Zero North Atlantic right whales have been found dead or entangled in Canadian waters this year, which comes after years of deaths and entanglements of the endangered species.
One-hundred twenty right whales have been spotted in Canadian waters this year.
"It's been a good season," said Sean Brilliant, the marine programs manager at the Canadian Wildlife Foundation.
He said there could be multiple reasons why there haven't been any deaths or entanglements this year, including restrictions on fishing and shipping traffic in the Gulf of St. Lawrence, but he feels the COVID-19 pandemic also played a role.
"Vessel traffic through the Gulf of St. Lawrence has reduced," said Brilliant.
"There are no cruise ships coming into the Maritimes or into Canada this year, and that's a reduction in potential ship strike risk."
But the pandemic had a negative impact as well.
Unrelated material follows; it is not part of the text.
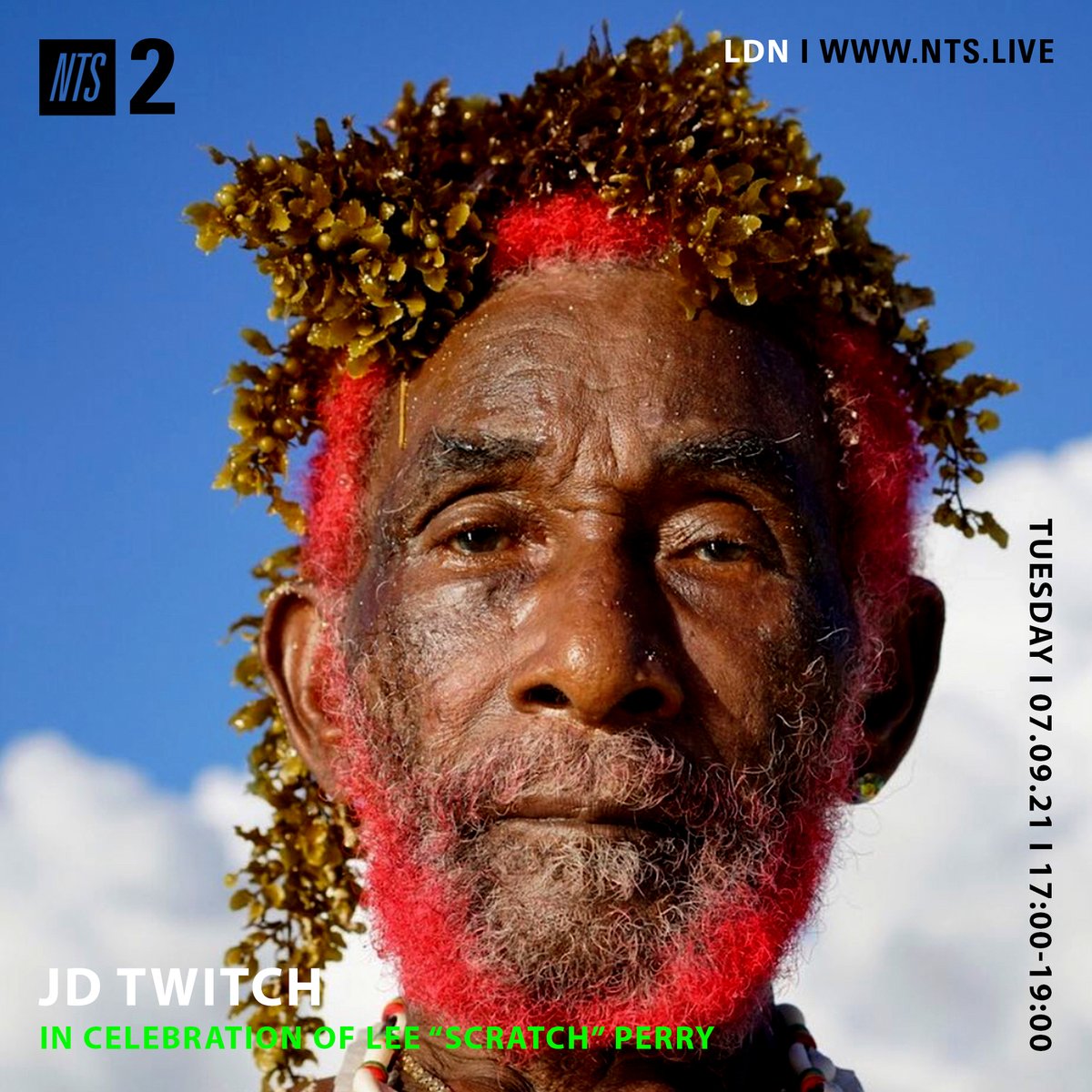 This week <a href="/JDTwitch/">Optimo (Espacio)</a> pays tribute to the late Upsetter.

Two hours of LSP: nts.live/2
Researchers from other countries were not allowed into Canada because of travel restrictions.
However, Brilliant said Canada increased patrols for the whales and he's confident their data is accurate.
"These whales [often float] belly-up when they're dead and become very recognizable, so they're kind of easy to see," he said.
"It's entirely possible that we missed some, but it's certainly a very good sign that we have not found any that are dead."
Looking for calves
What is unclear though is how good the feeding season was for the mammals.
Brilliant said there have been studies conducted this year on the plankton the whales feed on, but that information won't be known for awhile.
But there is one way to soon see how good the feeding season was: whether the whales have babies.
"This means that the moms and dads, but the moms in particular, are getting enough energy to raise a calf and give birth to a calf and support the calf and that's a real good sign," said Brilliant. "So we will certainly know this winter whether or not it was a successful feeding season."
He said it's too early to claim victory, but the whales deserve even this small win.
"We're not out of the woods yet," said Brilliant.
"We need a few more quiet years like this before we can start to feel relief."